María Carolina Giraldo


Los colombianos de las ciudades hemos vivido alejados de los ataques armados, entre más cercano a Bogotá sea el centro urbano, más retirado se está de las acciones bélicas que implica la guerra. En este sentido, es común que ante el conflicto nos comportamos como espectadores de una pelea de boxeo. Estamos acostumbrados a vivir con su presencia, a opinar sobre él, pero al final de cuentas, es una confrontación del Estado contra los grupos armados, eso no es conmigo.
Algo parecido pasa con el debate sobre las aspersiones de glifosato sobre cultivos ilícitos, desde la comodidad de un sofá en la ciudad suspenderlas puede parecer una pérdida de la lucha contra el narcotráfico. Otra es la perspectiva cuando se oye la avioneta de fumigación pasar regando químicos sobre la casa y la cabeza, varias veces al día.

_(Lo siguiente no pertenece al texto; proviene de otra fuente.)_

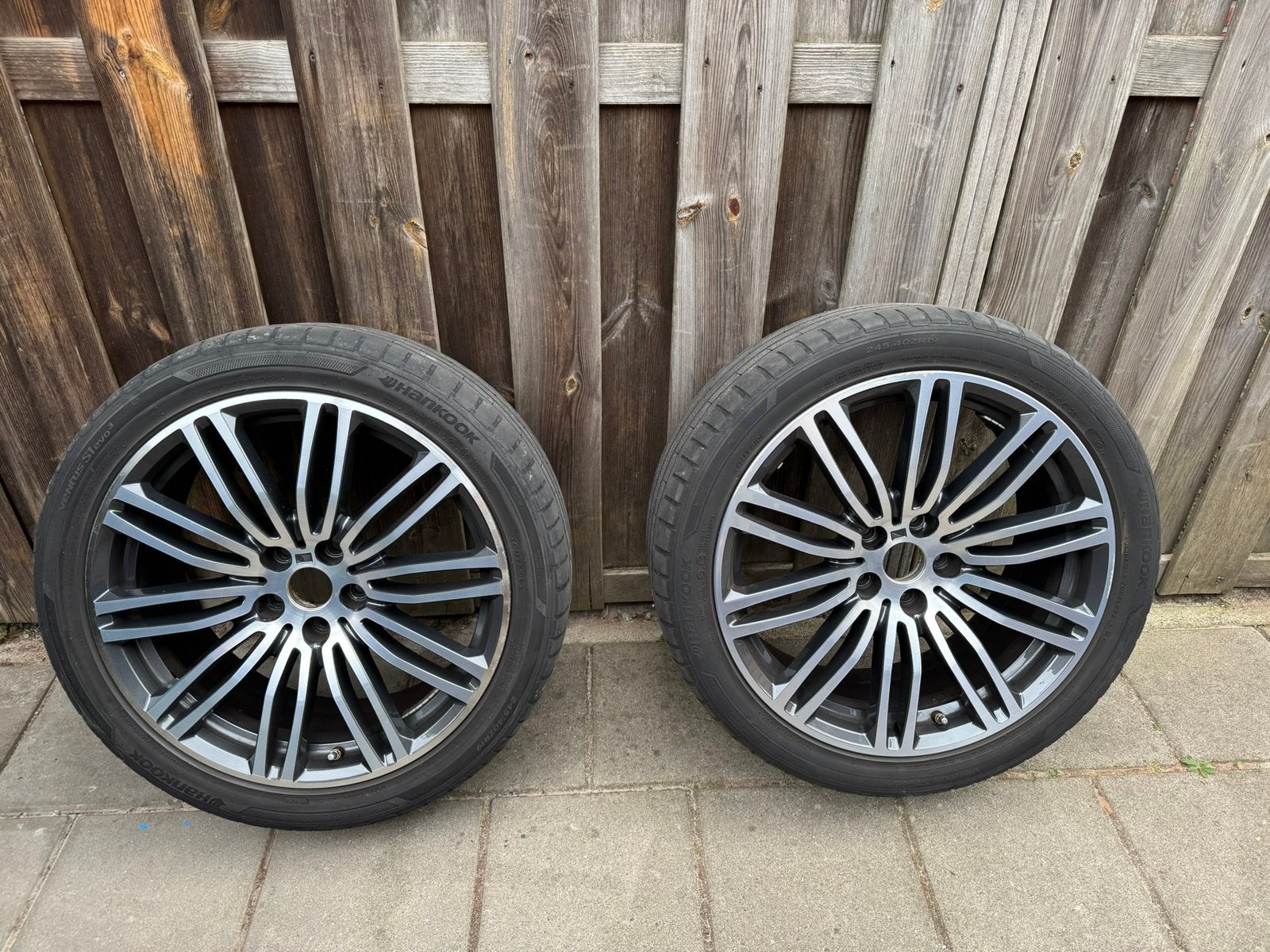 Bmw 19 inch breedset g30 g31 664m, Ophalen, Gebruikt, BMW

En este sentido, este conflicto se caracteriza por una falta de empatía con los que sufren la guerra día a día. Desde las ciudades nos preocupamos por la impunidad, por la lucha contra los cultivos ilícitos, por no premiar a los delincuentes, porque no se pierda la autoridad del Estado. Para el buen número de colombianos que el conflicto no nos toca a diario resulta fácil opinar sobre éste, desde la asepsia de quien no lo padece. En este marco, parecería que resultara determinante defender, a ultranza, la posición sobre si se está de acuerdo o no con la táctica y la estrategia de la guerra, con la paz o con los acuerdos que sobre ella se alcancen.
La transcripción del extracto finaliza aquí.